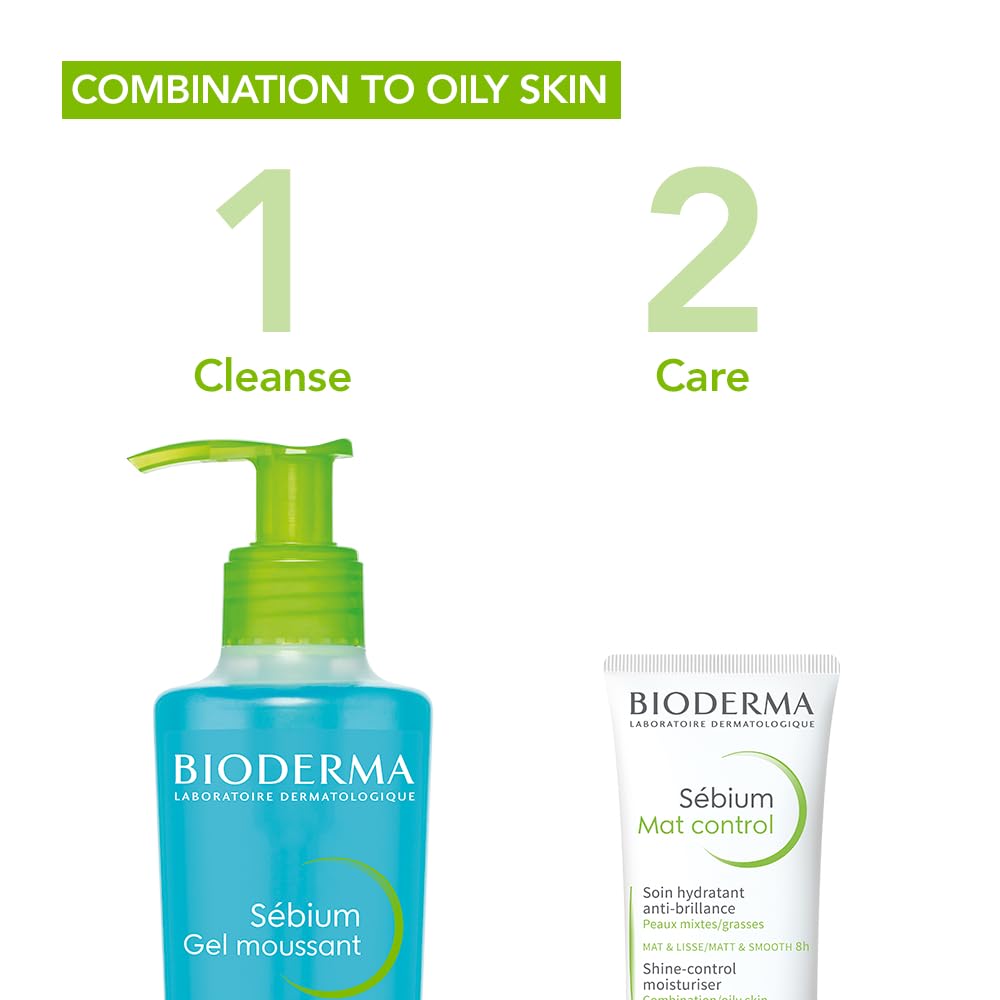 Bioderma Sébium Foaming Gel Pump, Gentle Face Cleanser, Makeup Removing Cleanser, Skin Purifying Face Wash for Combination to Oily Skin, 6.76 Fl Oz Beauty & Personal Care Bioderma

········

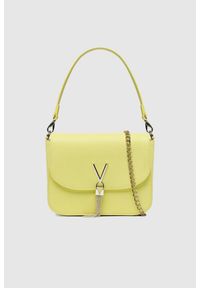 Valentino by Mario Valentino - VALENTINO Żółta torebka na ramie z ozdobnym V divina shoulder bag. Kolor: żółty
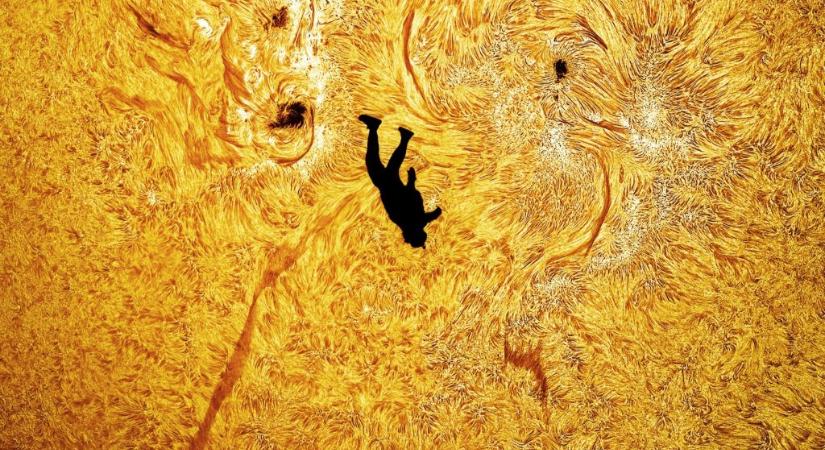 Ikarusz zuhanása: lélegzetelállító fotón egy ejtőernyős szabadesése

········

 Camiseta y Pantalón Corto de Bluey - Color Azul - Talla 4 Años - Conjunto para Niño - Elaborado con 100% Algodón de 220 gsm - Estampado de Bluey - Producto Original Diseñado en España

········

### TASK DIRECTIONS
Copy the lines above exactly, starting at the one with "Valentino by Mario" and ending at the one with "Ikarusz zuhanása: lélegzetelállító", both included. Leave out any pictures and add nothing else.

### TASK ANSWER
 Valentino by Mario Valentino - VALENTINO Żółta torebka na ramie z ozdobnym V divina shoulder bag. Kolor: żółty
 Ikarusz zuhanása: lélegzetelállító fotón egy ejtőernyős szabadesése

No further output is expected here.